Stefan Zweig deve morrer, de Deonísio da Silva, publicado pela Minotauro (Grupo Almedina), foi publicado em janeiro deste ano. Dividido em duas partes, narra-nos o último dia da vida do escritor Stefan Zweig, um dos mais importantes e mais conhecidos escritores da década de 1940 especialmente pelas suas várias biografias, como a de Fernão de Magalhães. Inimigo declarado do Reich alemão, vivia então refugiado no Brasil na companhia da mulher, Lotte, a judia-polaca Charlote Altman. A ação centra-se num único dia, 23 de fevereiro de 1942, em que Zweig narra na primeira pessoa aquelas que sabe serem as suas últimas horas de vida: o romance ecoa assim, de modo próprio, livros como a Crónica de uma Morte Anunciada ou Ulisses. Desta forma, pelo menos na primeira parte do livro, o autor segue a opinião geral dos biógrafos que afirmam que o casal se suicidou. Viviam no Brasil desde agosto de 1940; foram encontrados mortos na casa onde viviam, em Petrópolis, Rio de Janeiro, a 23 de fevereiro de 1942. Contudo, e mais concretamente na segunda parte do livro, vamos conhecendo o grupo de agentes do Reich que terá planeado e executado a morte do escritor: «Nós vamos executar o inimigo intelectual número um do Reich» (p. 96). De Charlote Altman, por ser mulher, quase não se fala; tanto que o autor se sente no direito de lhe conceder um capítulo só seu, narrado nas suas próprias palavras – o que mais uma vez nos remonta para a leitura de Ulisses, onde James Joyce concede as últimas páginas à corrente de consciência de Molly Bloom, a mulher do protagonista Leopold Bloom. Neste livro, curiosamente, a obra do autor que mais se destaca (referida diversas vezes) é Vinte e Quatro Horas na Vida de Uma Mulher.
Stefan Zweig deve morrer resulta num divertido pastiche literário, em que se cita (na verdade, reescreve-se) Luís de Camões na epígrafe de cada capítulo, com ironia e humor.

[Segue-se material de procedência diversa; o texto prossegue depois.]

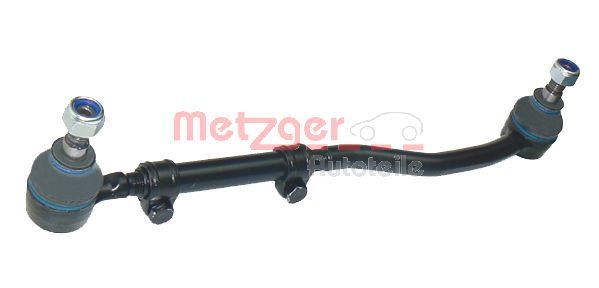 METZGER Spurstange (56000601)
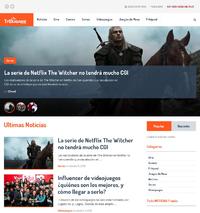 http://blog.tribugame.es/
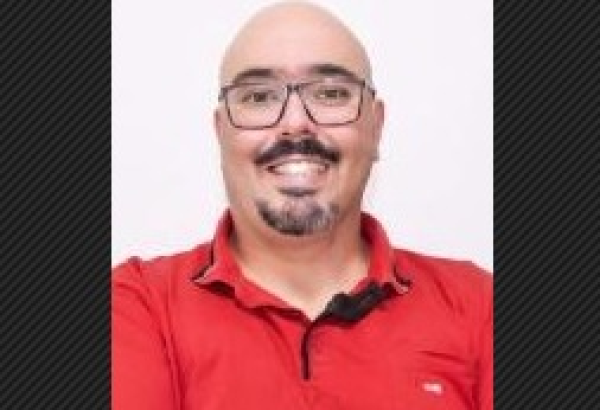 Arquivo pessoal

Os diálogos, quer entre os agentes do Reich quer entre os policiais que tentam compreender se é crime ou suicídio, são igualmente divertidos e com alguns equívocos. Simultaneamente, em especial na primeira parte, há uma certa meditação sobre o mundo e a vida, num tempo crítico e de crise existencial como o Holocausto, ao qual Zweig conseguiu fugir: «o continente abandonou a civilização superior, constituída em refúgio seguro para a humanidade, metendo-se todas as nações numa guerra bestial» (p. 41). No Brasil, nação que Zweig apelidou de “país do futuro”, contudo, parecem alheados ao que se passa do outro lado do oceano. E, subtilmente, o país também não escapa à crítica do autor.
Apoiado nas contradições dos relatos e nas lacunas das biografias, Deonísio da Silva parte do princípio que os dois podem ter sido assassinados.
«Um escritor sabe coisas que não pode demonstrar, que parecem inverossímeis a quase todos, que só se deparam com a verdade anunciada, depois de acontecida.» (p. 108)
A hipótese que o casal terá sido assassinado por nazis em conluio com o governo de Getúlio Vargas tem sido aventada por outras personalidades de renome.